"You Sure You're Ready for This?"

ByEli Saslow ESPN logo
Sunday, March 26, 2017

This story is also posted in Spanish. It appears in ESPN The Magazine's April 10 MLB Preview Issue. Subscribe today!



Alex Vega has built his auto business in Miami fulfilling outlandish demands from the rich and famous, but one day in the winter of 2015 he got a call from a client with a request Vega could hardly fathom.



"Ten cars?" Vega remembers asking the caller, trying to suppress his disbelief. "You want to start out with 10 customized cars?"



On the other end of the line was Yoan Moncada, an entirely unproven teenager who was also the highest-paid 19-year-old in the history of baseball. He had been in the country for a handful of months, and he had yet to play a major league game in the United States. His last means of transportation had been his older sibling's hand-me-down bicycle, which he had pedaled 3 miles each day down a dirt road to a baseball stadium on the southern coast of Cuba. Now he planned to drive his new fleet of cars under his baseball agent's insurance policy.

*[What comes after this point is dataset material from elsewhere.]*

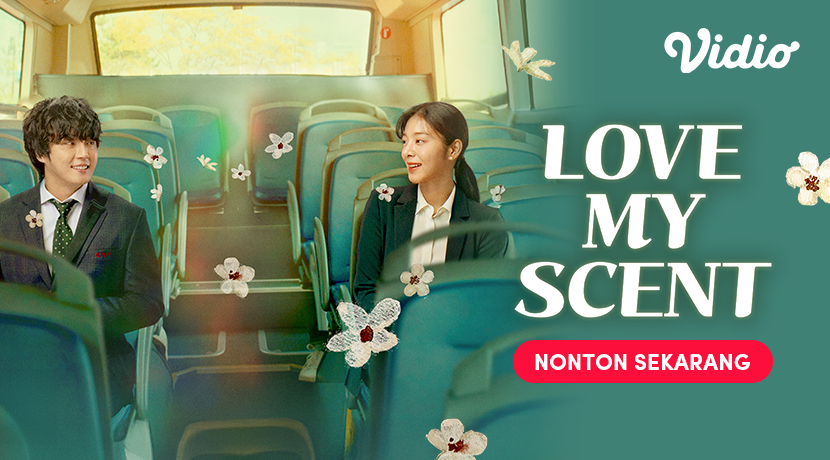 ulasan-film-korea-love-my-scent-2023-kisah-cinta-dan-aroma-mengharukan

Moncada told Vega he wanted to begin by purchasing and customizing a BMW i8, then a Lamborghini Huracan and a BMW X6 -- more than $500,000 in all. Moncada said he wanted the luxury cars souped-up and ready for spring training. Then he made one last request: He asked that each car be stamped with a personalized logo of his initials.



"Are you sure you're ready for all this?" Vega asked him.



It is the same question many in baseball now pose to Moncada, whose talent has developed with a hyperspeed that's forced the rest of his life to catch up. In less than two years, he's moved from Cuba to Ecuador to Guatemala to the United States. At 19, the switch-hitting second baseman shattered MLB's record international signing bonus, earning a $31.5 million payday -- four times more than what he could have earned as the first pick in the MLB draft. "New family, new language, new friends, new life, new rules," Moncada says now through a translator. "I knew I wanted to come here to play baseball, but I never thought about dealing with all of this."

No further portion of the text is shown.